Of course, in my more lucid moments, I agree with the author of the Wisdom of Solomon—who by the way isn’t Solomon—that the argument he puts in the mouths of the ungodly are specious, are false. Yet how are we to understand their falsity? What is it about them that is false? My study Bible suggests that the point of this passage is that they are wrong because they do not take into account life after death. Is that what their error really is? Well, perhaps. We certainly hope for life after death, and we hope that whatever little bit of righteousness we have managed to realize in this life will be rewarded there. We hope that, but we don’t know that. So I want to ask: Is there any other way in which the arguments of Wisdom’s ungodly ones are false? I think that there is, and that way in which they are false speaks more powerfully to me than does an appeal to an afterlife. I think that we see that answer, at least in general outline, in our other reading, the one from the Letter of James.

That reading first raises basically the same issues as does the reading from Wisdom. It says that envy and selfishness do not come from God but rather are “devilish.” It concludes by urging us to “draw near to God,” because when we do God will draw near to us. Therein lies, I think, the real answer to the earthly wisdom that says that because life always ends in death we might as well do whatever we want and live only for ourselves. The reward for virtue, the reward for living a decent, loving, compassionate life, is that that life becomes life with God. Maybe it becomes life with God after this life. We hope so. What we can know, however, that the life of virtue becomes life with God here and now, in this life. And we can know that having God come near to us in this life is a reward beyond measure.

We can know that because we have experienced it. At least, some of us have experienced it; and people of faith across faith traditions have experienced it for as long as we have records of people’s spiritual experiences. The presence of God in our lives brings, and only the presence of God in our lives can bring, rewards beyond measure. God brings us the fruits of the Spirit. Nothing earthly can do that. God’s presence in our lives brings us hope, hope in this life and beyond this life. God’s presence in our lives brings peace, a peace that passes all human understanding, a peace that is so much more than the absence of violence, a peace deep in our hearts, deep in our souls. The presence of God in our lives gives us courage, courage to do what we must do in life, courage to face the end of our lives without fear of what may lie beyond. God the ultimate reality beyond life and death is a very present reality we can cling to, we can cry with, we can scream at when it all just seems too much. God is that ultimate reality in our lives that is always there. God is not fickle, like so many of us humans are. God does not respond with embarrassed silence or turn away when we share an uncomfortable truth the way so many humans do. God may judge our sin, but God never rejects us as unworthy or undesirable as so many humans do.

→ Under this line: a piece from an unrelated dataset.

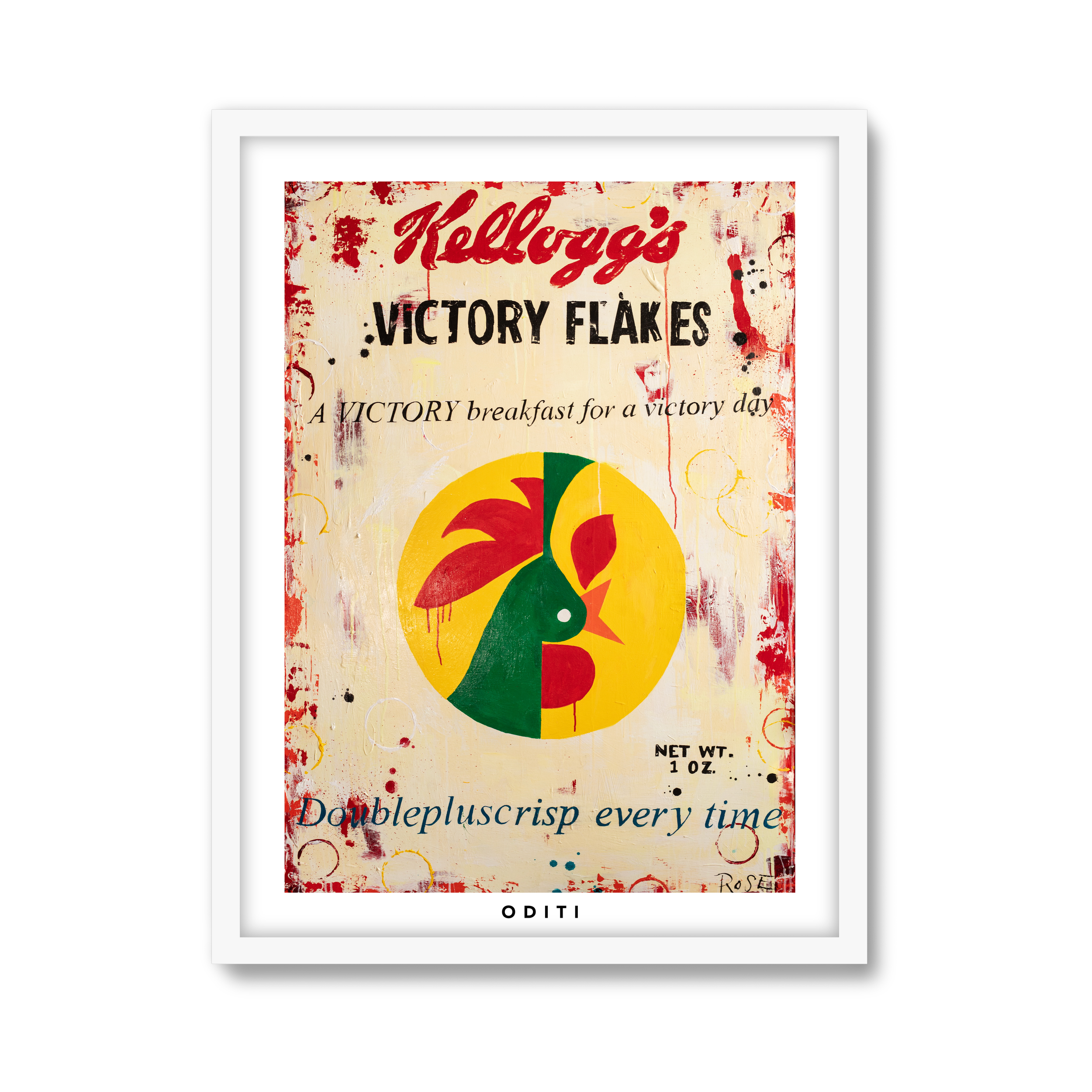 Victory flakes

God is the reward for the virtuous life. Living a virtuous life doesn’t bring God to us. God is always with everyone, virtuous or not. Rather, living a virtuous life, living the life we know God wants us to live, opens us to God’s presence. That kind of living creates the possibility of our becoming aware of God’s presence. Living a virtuous life brings the reward of our awareness of the reality of God’s presence in our lives. That’s why Wisdom’s godless are wrong. Their cynicism, their brutality, their exclusive, narrow focus on themselves, shuts them off from the presence of God. It shuts them off from the greatest pleasures and the greatest satisfaction we humans can experience in this life, the pleasures and the satisfaction of God’s presence alive in our lives. Opening ourselves to God by living the way we know God wants us to live brings those pleasures and that satisfaction alive in our lives. That’s the reward of virtue, and there is none greater. Amen.